The news in January that Cecile Richards is stepping down from Planned Parenthood Federation of America (PPFA) after leading the reproductive rights giant for over a decade was met with predictable celebration in the anti-choice corners of the internet. It was also met with level-headed reason about the sort of challenges that Richards’ successor will face—and who should be chosen to face them.
Loretta Ross, co-founder of the SisterSong Women of Color Reproductive Justice Collective and one of the foremothers of the reproductive justice movement, wrote for HuffPost that PPFA’s new president “must be prepared to stare down gathering white supremacist and anti-choice forces with clear eyes.”
“In this dangerous political moment,” Ross continued, “Planned Parenthood also requires an expert on white supremacy, someone who can use an intersectional analysis to respond to this neo-fascist, anti-democratic movement.”

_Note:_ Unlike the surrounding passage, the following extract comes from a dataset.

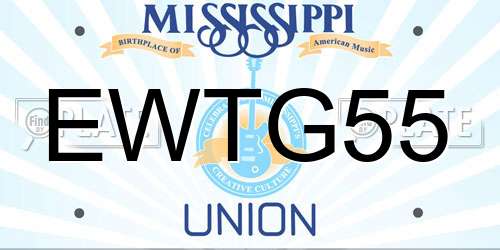 EWTG55 Mississippi License Plate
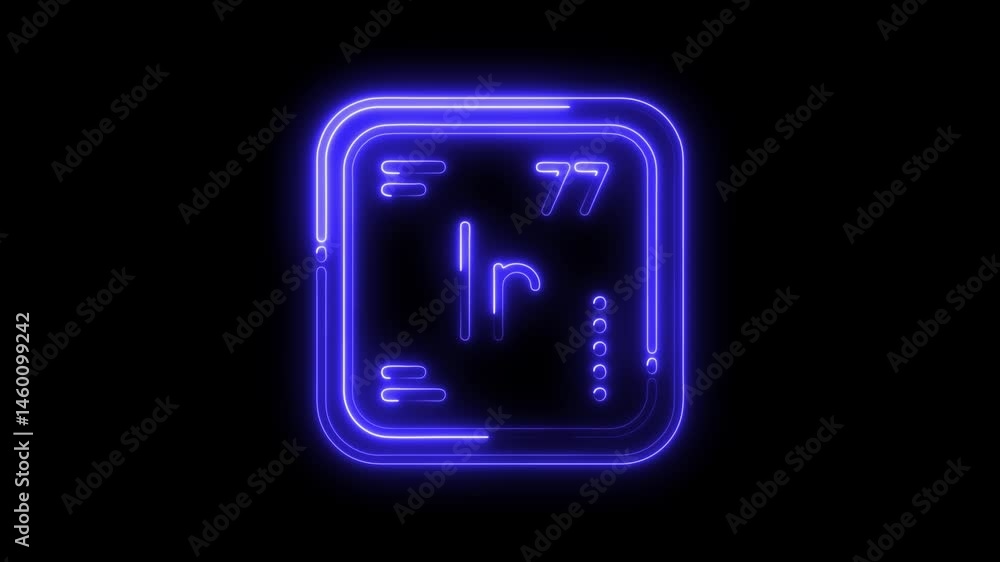 Poster iridium ir element symbol with atomic number in glowing neon style on black background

Ross is right. White supremacy and misogyny are a rot in the Trump administration, and that rot is spreading. Members of this administration and Congress are systematically dismantling institutions and regulations upon which people of color, especially women of color, rely to make decisions about parenting—when to do it and whether to do it all. And that’s what reproductive justice is. As defined by SisterSong, reproductive justice is “the human right to maintain personal bodily autonomy, have children, not have children, and parent the children we have in safe and sustainable communities.”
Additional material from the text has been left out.